Tuesday, October 21, 2025

He seems a little stiff

 Spooky October reading continues, as we hit 1981's PIN, written by Andrew Neiderman. It bears mentioning here that Mr. Neiderman may be better known by his pen name, V. C. Andrews. (So, technically, he ghost writes all of her stuff, or did, since she died in 1988. There's no real authoritative list of when he actually took over.) And frankly, reading this, you can tell. 



 The 80's trick of the hidden picture behind the cover.

 

 We open on older brother Leon and younger sister Ursula, and PIN, an anatomical teaching doll who The Doctor (their father) used to use ventriloquism to make talk to the kids, patients, etc. Well, somewhere along the line, Leon kept talking to PIN (short for Pinocchio) long after the Doctor stopped making him talk. This makes reading the story interesting, since Leon narrates all but the epilogue, and therefore PIN is treated as a living breathing character. 

When Leon is 18 and Ursula is 16, The Doctor and Mother die in a car crash. There's a bit of drama about whether or not they should live with relatives, and who should handle the sizable estate (it's suggested the one uncle would likely take the money from the kids, although Leon is not exactly a reliable narrator). Leon ends up taking control of the estate, and keeps Ursula at home with him, eventually moving PIN in with them in a separate downstairs bedroom. 

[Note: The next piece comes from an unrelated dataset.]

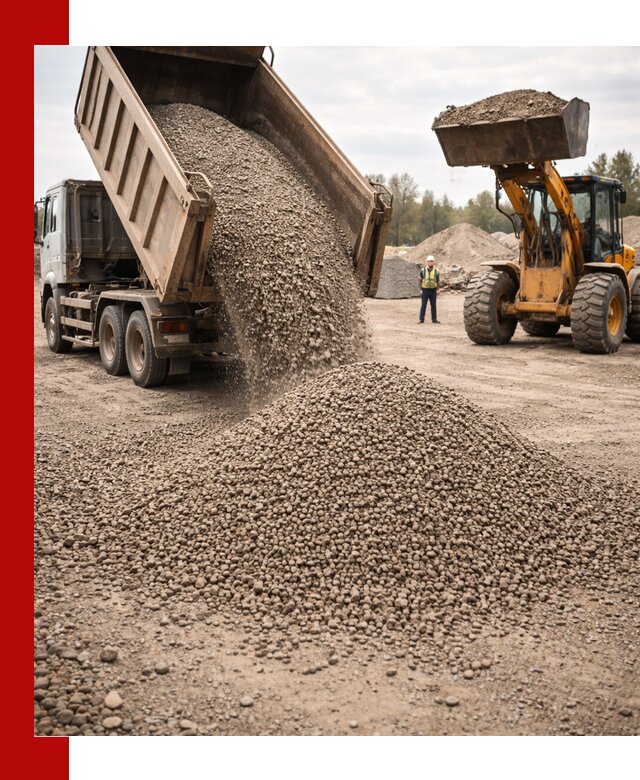 Гравийный щебень фракция 3–10 с доставкой в Новокуйбышевске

This is the basic set up. We get some rather....disturbing details of their adolescence, like Ursula's lesbian experience that Leon joins in with, Ursula's abortion at 14, Leon's few sexual encounters, but the plot really gets going when Ursula meets Stanley at her job at the library. Stanley is in town with his dying mother, he has a wooden leg after losing the original in Vietnam. He does his best to treat PIN like an actual human, although Leon hears him telling Ursula that she'd be better off moving out, since something's off with Leon. (DUH.)

We get more goddamn creepy not quite incest, as when Stanley's mother dies, Leon gets Ursula to sleep with PIN, and strongly implies she did this quite often after they brought him home following the parental deaths. Anyway, Stanley does propose to Ursula, leading Leon and PIN to plot how to murder Stanley to keep Ursula at home. 

The book is unsettling, not particularly scary. (Kind of how I feel about The Exorcist, really.) I realize in 1981, we would have thought Leon was schizophrenic, even if we really meant he had Multiple Personality Disorder, now Dissociative Identity Disorder, but I'm under the impression that usually involves internal monologues, not a separate personality projected onto an admittedly creep inanimate object. 

If you like VC Andrews and also like a bit more psycho spice, this book will be among your favorites. Past that, depending on your tastes in creepy young adults, you'll probably be entertained.